What may be regarded as fairly certain, however, is that it was not ejected on this spot. The Piano di Sorrento, sweet country of perpetual summer, of which more truly than of many parts of Italy, the poet might have written—

"Hic ver assiduum, atque alienis mensibus aestas,"

is in no danger of being blown to fragments. Perhaps the lava came from some volcanic outburst under the sea, from some islet formed and washed away again—it matters little. Somewhere underneath the soil lies the clean, firm limestone, and the volcanic matter, whencesoever it came, did no more than fill a hollow of the hills, and turn it into the loveliest valley in the world. Sorrento, the very name whispers of smiles and laughter, and the people, softening it still with the incomparable music of their speech, modulate it into "Surriento," just as they turn "cento" into "ciento," and drop a liquid vowel into the harshness of Castellammare, calling it "Castiellammare." "Surriento!" How it trembles on the air!

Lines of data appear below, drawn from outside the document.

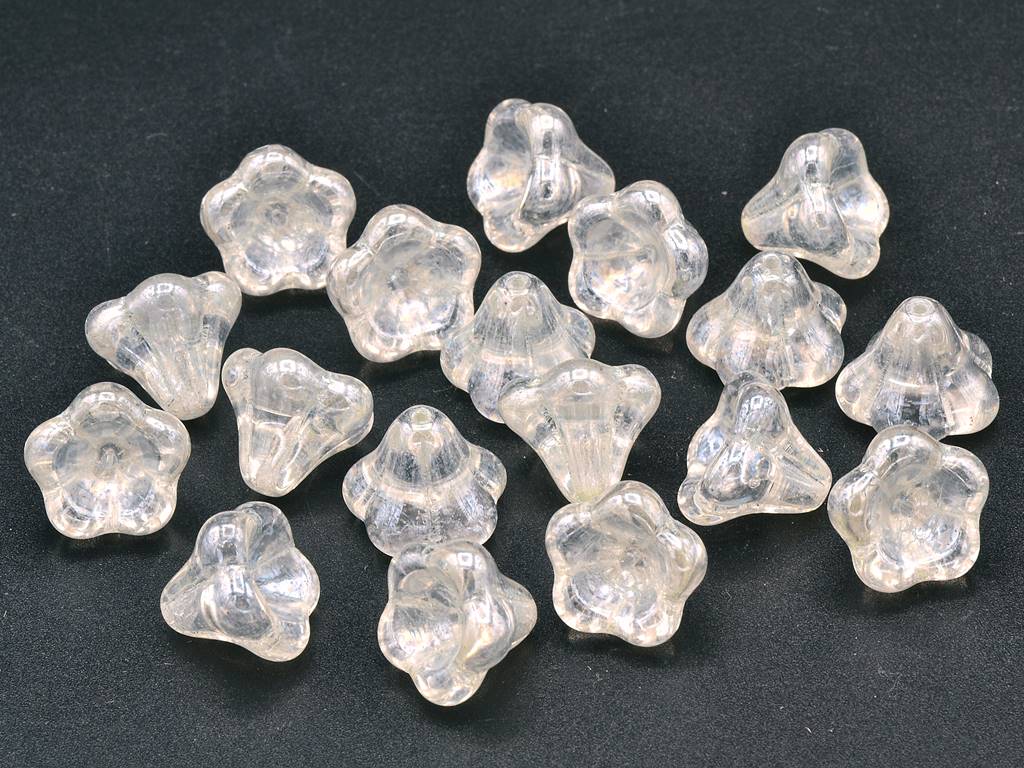 Bell Flower Beads 11 x 13 mm, Crystal Hematite (00030-14400)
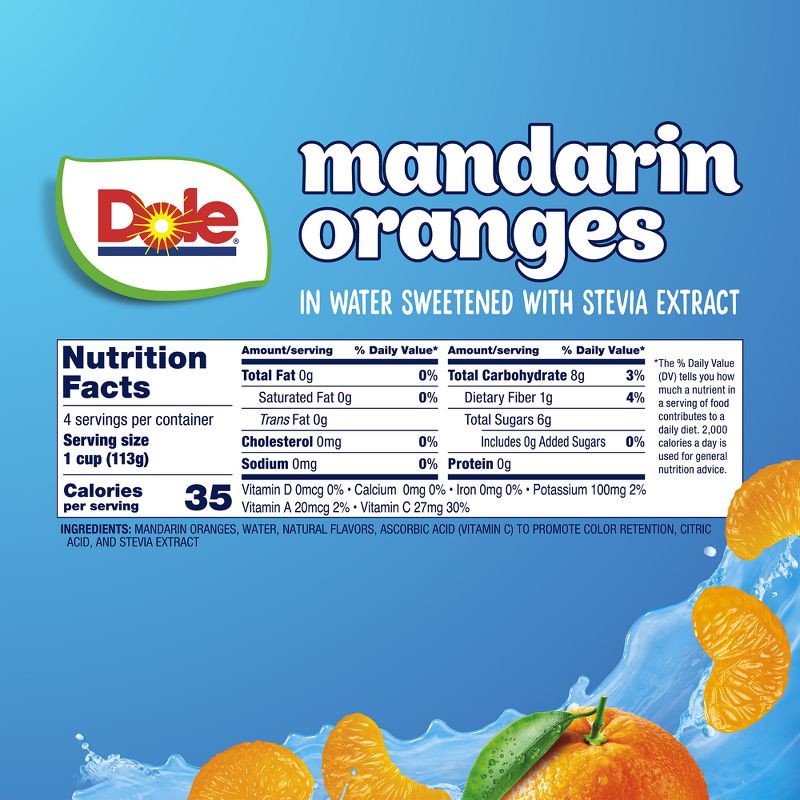 slide 3 of 6, Dole Mandarin Oranges No Sugar Added - 16oz/4ct, 4 ct; 16 oz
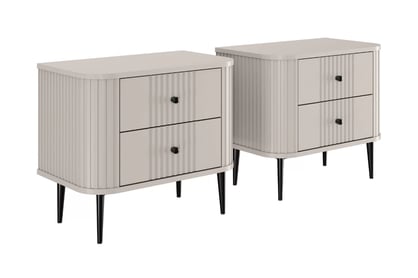 Nočné stolíky Vespera 56 cm - 2 ks - kašmírová / čierne nožičky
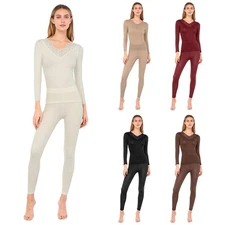 Womens Outfit Long Pants Homewear Ultra Soft Set T-shirt Base Reversible Layer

Had ever any town a name so fit for love!

And was any ever set in a fairer country? It is a plain, yet no monotony of level, for a spine of the encircling hills tilts the gardens to the evening sun, while the shadow of the mountains wards off the fierce glare of the heat till long past noon. And what fertility! Is there on the surface of the earth such a lush wild glade of orange groves, three generations, "father, son, and grandson," as the Sorrentines say, hanging on a single tree; while as they hang and ripen, the scented flowers are continually budding in the shadow of the dark green leaves, and every waft of air is sweetened by the fragrance of the blossom. But at Surriento all the airs are sweet. If they do not blow across the orange groves they carry down the scent of rosemary and myrtle from the mountains, which are knee-deep in delicious scrub; or they come off the sea in sharp, cool breezes, bringing the gladness and fresh movement of the deep, scattering the stagnant heats and making all the plain laugh with pleasure in the joy of life. How long the lovely summer lasts at Surriento, and how short are the bad winter days! "A Cannelora," say the peasants, "state rinto e vierno fora!" What is "Cannelora"? It is the second day of February, when England still has full three months of winter! Then it is that summer returns to the Piano di Sorrento and chases winter away across the hills. Is it true? "Chi lo sa." Perhaps not quite, but what of that? The Sorrentines themselves have another saying, which runs thus: "A neve 'e Marzo nu' fa male,"—that is, "Snow does no harm in March." So the summer which comes at Cannelora is not incompatible with snow! Yet even in fibs there must be probability, or where would be the use of them? To declare that an English summer began at Cannelora would be simply dull.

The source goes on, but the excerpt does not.